Ger Canning interview: still immersed in the job 40 years on

‘Do you speak Irish?’ RTÉ commentator remembers phone call that opened the door

RTE’s Ger Canning: “With live sport you’re flying by the seat of your pants and you’re hoping to God that you land safely. And I’ve relished every minute I’ve had of it.”  File photograph: Cathal Noonan/Inpho
RTE’s Ger Canning: “With live sport you’re flying by the seat of your pants and you’re hoping to God that you land safely.
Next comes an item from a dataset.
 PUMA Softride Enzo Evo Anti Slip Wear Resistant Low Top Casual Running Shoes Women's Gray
And I’ve relished every minute I’ve had of it.” File photograph: Cathal Noonan/Inpho

Midway through the summer of ‘81 with the All Ireland championships already in full swing, Ger Canning picked up the phone to have a conversation he could hardly have countenanced until that very moment.

"Do you speak Irish?" asked Michael O'Carroll, a senior producer with the sports department in RTÉ, at the other end of the line.

Canning, still a teacher only dabbling in sports commentary and predominantly at local level, confirmed that he did indeed boast the cúpla focail, prompting O’Carroll to jump on to the purpose of the call.

After RTÉ had launched a second channel in 1978, they were flirting with the idea of utilising it to broadcast pictures from the All Ireland finals along with Irish commentary. They just needed somebody with a command of both the language and a microphone, somebody as eager for a break as they were to learn.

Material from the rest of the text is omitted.